Valeu muito a pena a noite do Ronnie Scott’s!

Será em 10 de dezembro a apresentação de Adriano Giffoni no Velho Armazém.

Márvio Ciribelli, atendendo a um pedido antigo que lhe fizemos, convocou o baixista Adriano Giffoni para uma apresentação no Velho Armazém de Niterói, em 10 de dezembro. Com Adriano atuarão Márvio (tec.)- Tino Jr. (st) , Felipe Poli (g) e Cezar Machado (dm). Há muito desejamos rever Adriano Giffoni, para mais uma vez agradecer a homenagem que me prestou, compondo o tema “Lula’s Blues”. Vamos lá.

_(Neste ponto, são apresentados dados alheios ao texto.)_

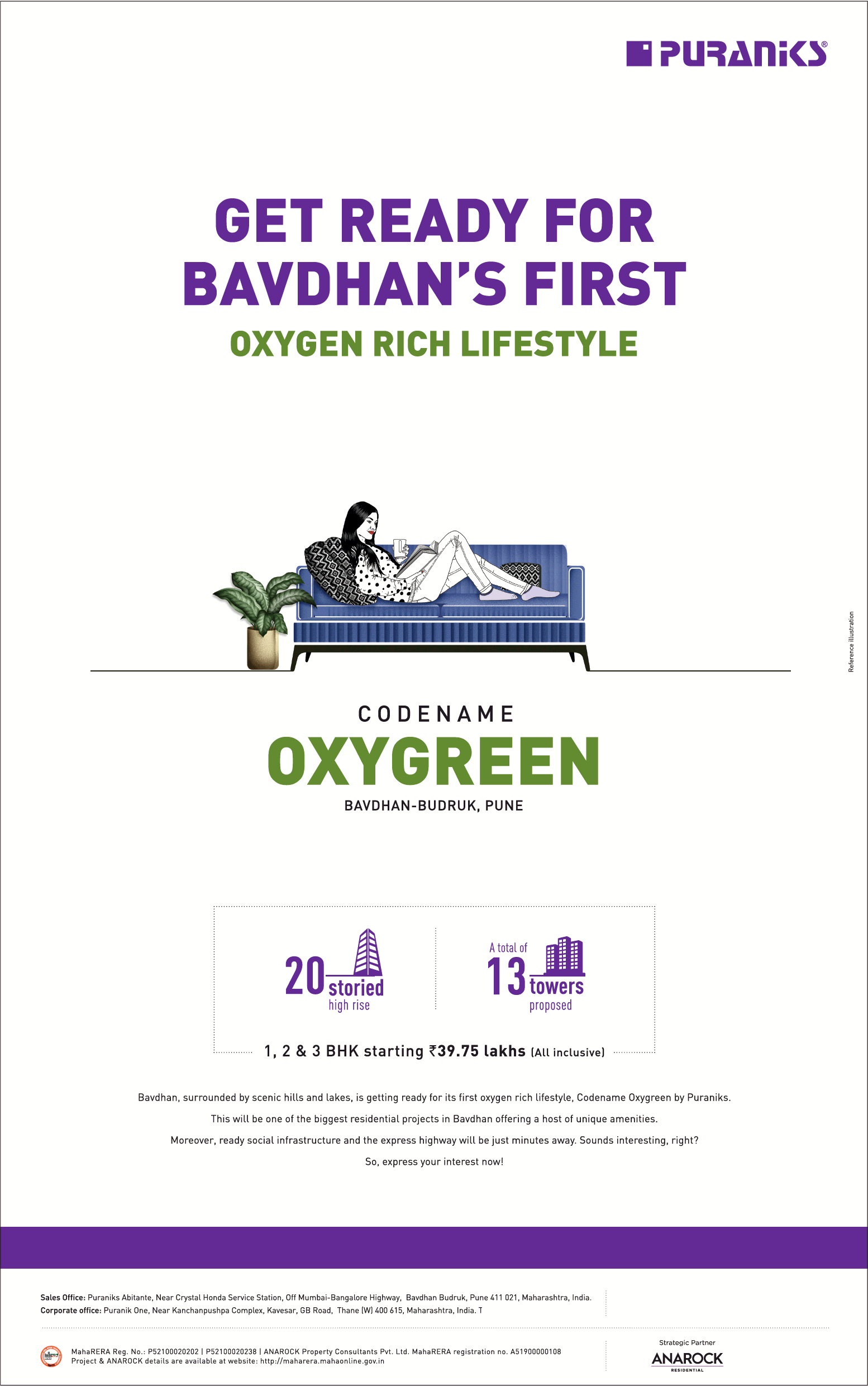 Book 1, 2 & 3 BHK starting Rs 39.75 Lac (all inclusive) at Puraniks Codename Oxygreen, Pune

MORREU O BATERISTA BILLY JAMES

Mestre Raffa me comunica e eu passo aos cejubianos. Pouco conhecido entre nós, faleceu em 20 de novembro aos 73 anos, em Philadélfia, o baterista Billy James, vitimado por complicações de uma asma que o atormentava ha algum tempo. Começou sua vida profissional muito cedo , e em 1951, com apenas 15 anos de idade já atuava na banda de Lionel Hampton. Outros músicos famosos com quem atuou foram Sonny Stitt, Don Patterson, Grant Greene, Pat Martino etc. Atualmente tocava nos clubes de Jazz de Philadelfia como o “Ortlieb’s Jazzhaus” e o “Chris Jazz Café”.